This is an issue that has been touched on by all members. All members have spoken about the nature and the extent of the amendment which the government has introduced in relation to the suggestion—and I note it—certainly from the opposition and from both the Greens and the Democrats that they have concerns with essentially the extent and the nature of the amendments that the government proposes. The general feeling of members who have spoken to this is quite obviously, inevitably, that the amendments are too broad and too open ended.

That was not the government’s position. We believe, in the context of our need and determination to build the Gungahlin Drive extension in the face of steps that have been taken to frustrate it, that it is important that we have the capacity to deal with issues such as this. The government’s attitude in relation to these proposed amendments is not driven just by the Gungahlin Drive extension and our determination to ensure that we can get on and build that road without further delays, or by that level of frustration—and cost to the community—that has been experienced. Construction of the road has now been held up for just over a month. The cost to the community is climbing inexorably. It is now a very significant cost that is being borne as a result of the delays.

But I have to say, in the context of considering the amendments that we will move, we have looked more broadly at the implications for other aspects of government administration and government management, particularly, and almost essentially of course, on non-leased land.
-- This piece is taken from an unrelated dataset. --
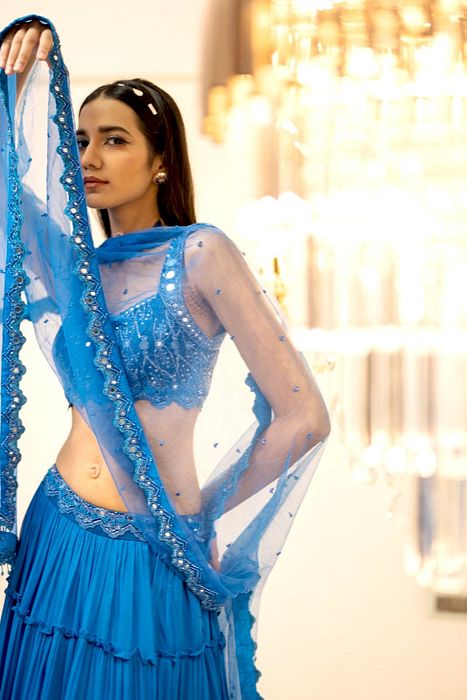 A model showcasing Blue Tiered Mirror Work Lehenga Set by Foram Patel from Foram Patel's collection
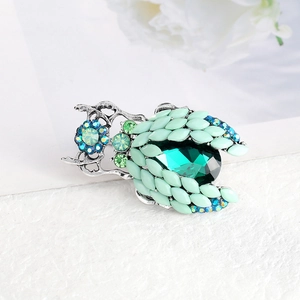 Fashionable beetle brooch with green rhinestones and silver metal insect pin for women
It is the view of the government that the capacity to frustrate the government’s capacity or its responsibility, for instance, to manage trees on public land across the whole of Canberra where routine tree removal is required to address safety issues and to maintain the territory’s roads is affected by what appears to be, to me, far too broad a provision which was not designed and was never imagined would be used in circumstances such as the essential opposition to its use in relation to the construction of the Gungahlin Drive extension and as I am told would be used, for instance, in relation to our capacity to manage trees on public land or unleased land.

I think one could imagine a range of other circumstances or situations in relation to activities undertaken at the behest of the government on unleased land where historically or traditionally the conservator has never felt the need to issue a licence, for instance, to take or kill animals. I am sure we could find myriad examples where major constructions have been undertaken by successive governments. One could name any road constructed in the ACT in the last 10 years and ask—in relation to, for instance, the construction of Horsepark Drive or the construction of the Barton Highway upgrade—whether or not in those circumstances licences to kill or take native trees were issued and whether or not it was ever envisaged that they be issued in circumstances such as the construction of any road anywhere.

Of course, the example we are currently debating, namely Gungahlin Drive, is certainly very high profile and very extreme, to the extent that it does have a very significant impact on an area of Canberra, the Bruce and O’Connor ridges, which is highly valued and highly esteemed and the disturbance of which is a matter of great regret but, in the submission of the government, simply unavoidable in order to meet our other obligations to the people of Canberra.